**TASK REQUIREMENTS:**
Restate every entry word for word.

**MATERIAL FOR THIS EXERCISE:**
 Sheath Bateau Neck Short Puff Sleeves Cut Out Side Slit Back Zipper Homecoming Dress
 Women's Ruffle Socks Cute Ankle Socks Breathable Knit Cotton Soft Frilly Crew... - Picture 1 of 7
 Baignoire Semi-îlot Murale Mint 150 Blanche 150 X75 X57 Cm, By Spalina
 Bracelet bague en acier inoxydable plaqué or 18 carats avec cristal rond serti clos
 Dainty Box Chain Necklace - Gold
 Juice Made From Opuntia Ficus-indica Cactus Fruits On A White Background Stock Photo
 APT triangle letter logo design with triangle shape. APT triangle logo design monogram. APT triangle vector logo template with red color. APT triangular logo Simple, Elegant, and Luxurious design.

**YOUR RESPONSE:**
 Sheath Bateau Neck Short Puff Sleeves Cut Out Side Slit Back Zipper Homecoming Dress
 Women's Ruffle Socks Cute Ankle Socks Breathable Knit Cotton Soft Frilly Crew... - Picture 1 of 7
 Baignoire Semi-îlot Murale Mint 150 Blanche 150 X75 X57 Cm, By Spalina
 Bracelet bague en acier inoxydable plaqué or 18 carats avec cristal rond serti clos
 Dainty Box Chain Necklace - Gold
 Juice Made From Opuntia Ficus-indica Cactus Fruits On A White Background Stock Photo
 APT triangle letter logo design with triangle shape. APT triangle logo design monogram. APT triangle vector logo template with red color. APT triangular logo Simple, Elegant, and Luxurious design.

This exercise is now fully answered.